RECORDED DATA
BEGIN

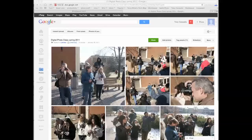Hi, this is Tony Carosella. I'm your instructor for Digital Photo. I've just got a couple things here I thought I'd go over, and also a few tips for your first assignment.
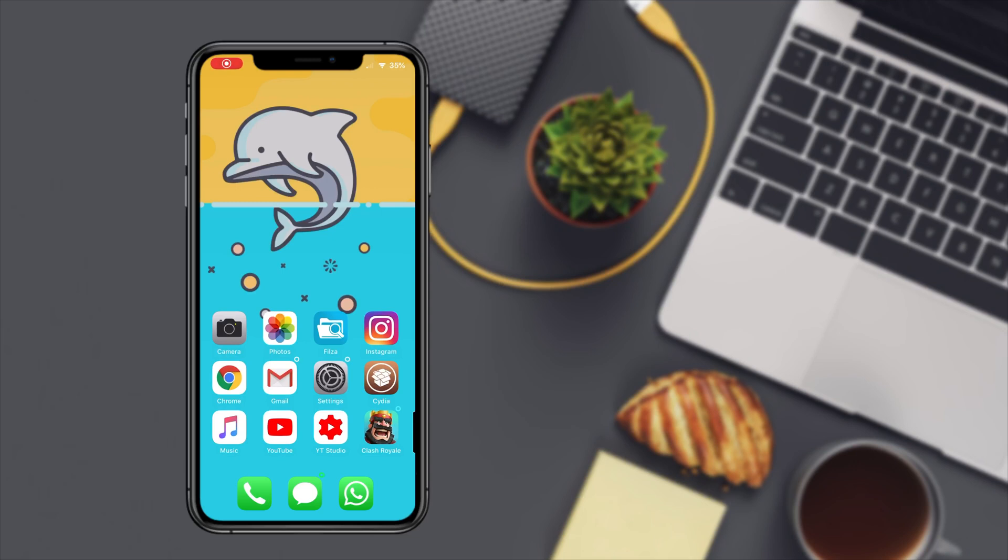Hey what is up YouTube, welcome back to the channel. In today's video I'm going to be talking about how to manually install iOS themes with Files.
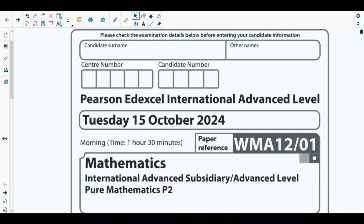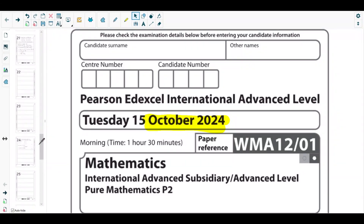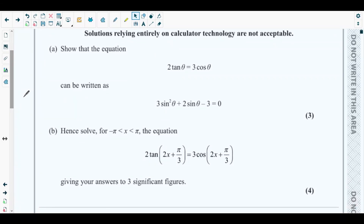Hello students, welcome back to the ninth video of this playlist. In this video we will be solving question number nine from the most recent past paper of Pure Mathematics 2, which is October 2024 P2 paper. The concepts behind question number nine are from trigonometry, discussed in chapter number six of your Pure Mathematics 2 textbook, named trigonometric identities and equations.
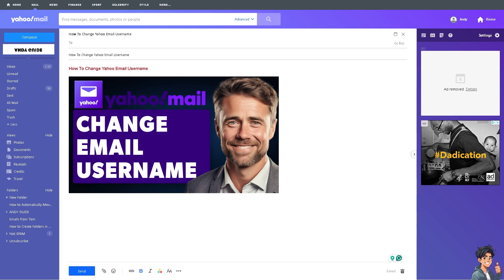Now changing your Yahoo email username is an easy and straightforward process, especially if you wanted to change your username if you think it has been exposed in data breaches or you suspect it's being targeted by phishing attempts.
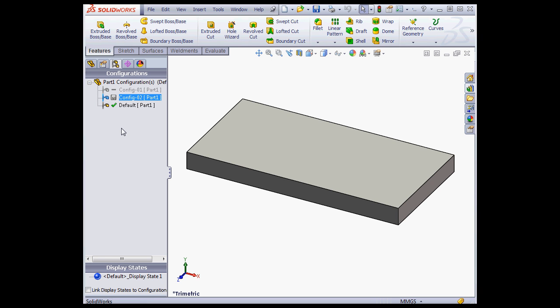One final note, if you plan to open your file in SolidWorks 2012 Service Pack 5, the full data set must exist for all configurations you intend to use. And this concludes our tutorial about improvements to the management of configurations in SolidWorks 2013.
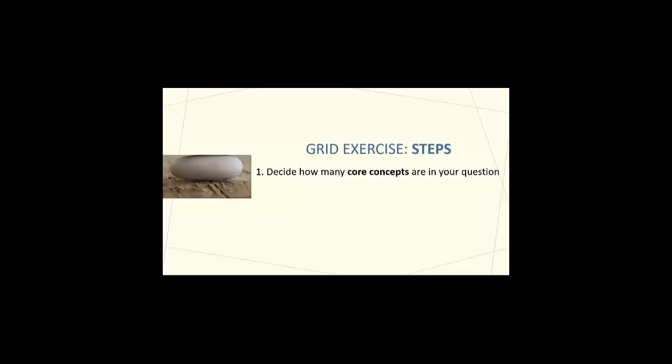Step one in the grid exercise is to decide how many core concepts are in your question. Clearly, there are two core concepts in this example topic: education and barriers.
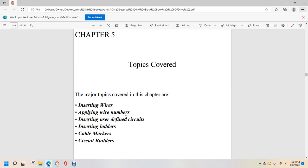Chapter five topics covered. The major topics covered in this chapter are inserting wires, applying wire numbers, inserting user-defined circuits, inserting ladders, cable markers, and circuit builders.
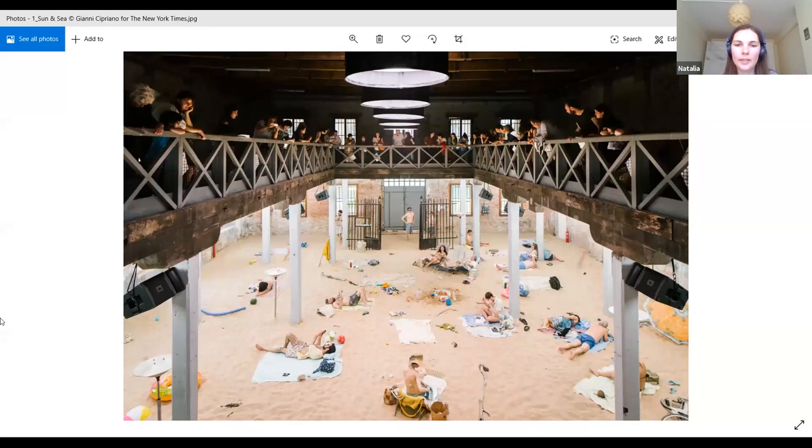This work, Sun and Sea, Marina, was presented at the Lithuanian pavilion of the last Venice Biennale. It has been analyzed a lot from the point of view of its critique of the Anthropocene and ecological issues. I would like to concentrate more on its displaying dispositive, because I found it very striking. I would like to share some thoughts that my experience as spectator of this work inspired. So first of all, what is this dispositive? I will show you some pictures.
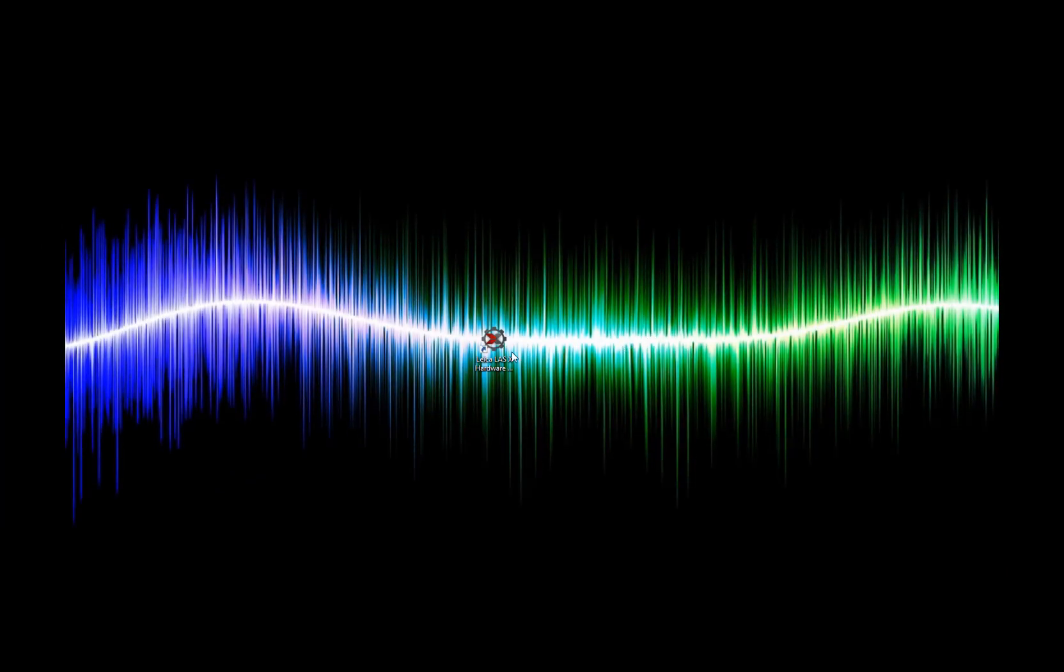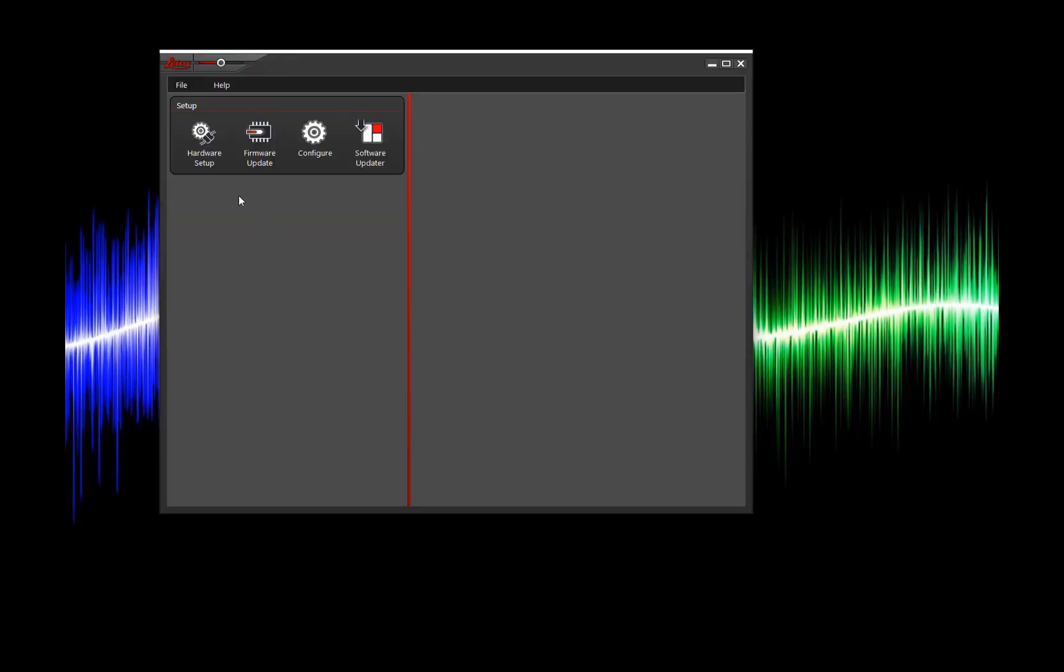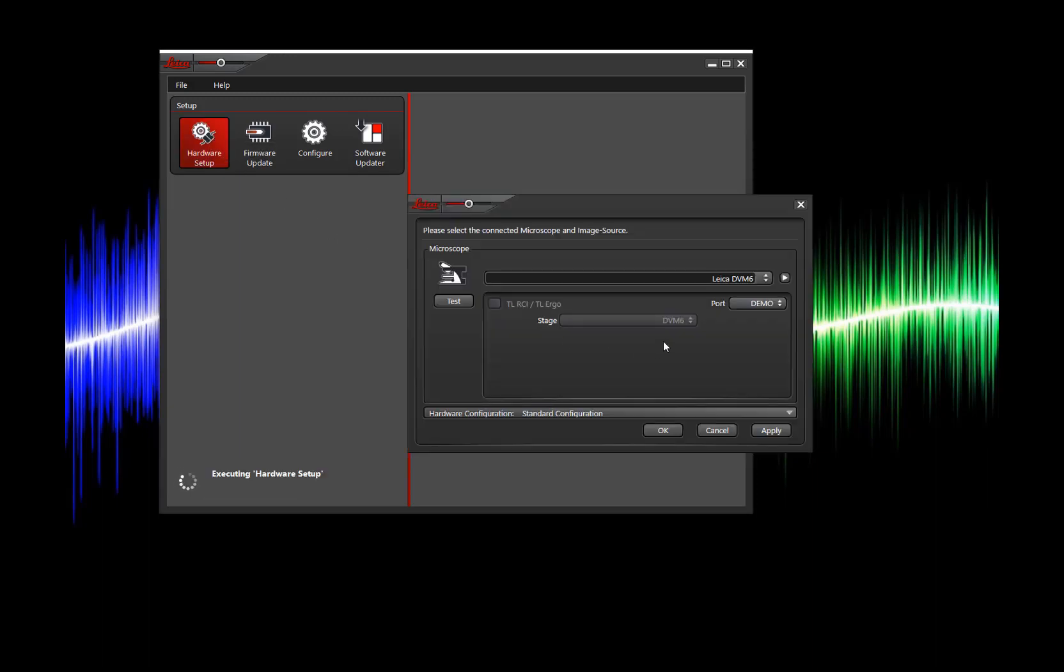Now that my computer is fully restarted I'm going to open up my hardware configurator. From here I'm going to go to my hardware setup. I'm going to confirm that everything looks correct for my current microscope system. In this case I'm using our DVM-6 demo.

END

TASK DETAILS
Go through the entries and retype each one exactly, skipping any image.

PROBLEM SOLUTION
Hi, this is Tony Carosella. I'm your instructor for Digital Photo. I've just got a couple things here I thought I'd go over, and also a few tips for your first assignment.
Hey what is up YouTube, welcome back to the channel. In today's video I'm going to be talking about how to manually install iOS themes with Files.
Hello students, welcome back to the ninth video of this playlist. In this video we will be solving question number nine from the most recent past paper of Pure Mathematics 2, which is October 2024 P2 paper. The concepts behind question number nine are from trigonometry, discussed in chapter number six of your Pure Mathematics 2 textbook, named trigonometric identities and equations.
Now changing your Yahoo email username is an easy and straightforward process, especially if you wanted to change your username if you think it has been exposed in data breaches or you suspect it's being targeted by phishing attempts.
One final note, if you plan to open your file in SolidWorks 2012 Service Pack 5, the full data set must exist for all configurations you intend to use. And this concludes our tutorial about improvements to the management of configurations in SolidWorks 2013.
Step one in the grid exercise is to decide how many core concepts are in your question. Clearly, there are two core concepts in this example topic: education and barriers.
Chapter five topics covered. The major topics covered in this chapter are inserting wires, applying wire numbers, inserting user-defined circuits, inserting ladders, cable markers, and circuit builders.
This work, Sun and Sea, Marina, was presented at the Lithuanian pavilion of the last Venice Biennale. It has been analyzed a lot from the point of view of its critique of the Anthropocene and ecological issues. I would like to concentrate more on its displaying dispositive, because I found it very striking. I would like to share some thoughts that my experience as spectator of this work inspired. So first of all, what is this dispositive? I will show you some pictures.
Now that my computer is fully restarted I'm going to open up my hardware configurator. From here I'm going to go to my hardware setup. I'm going to confirm that everything looks correct for my current microscope system. In this case I'm using our DVM-6 demo.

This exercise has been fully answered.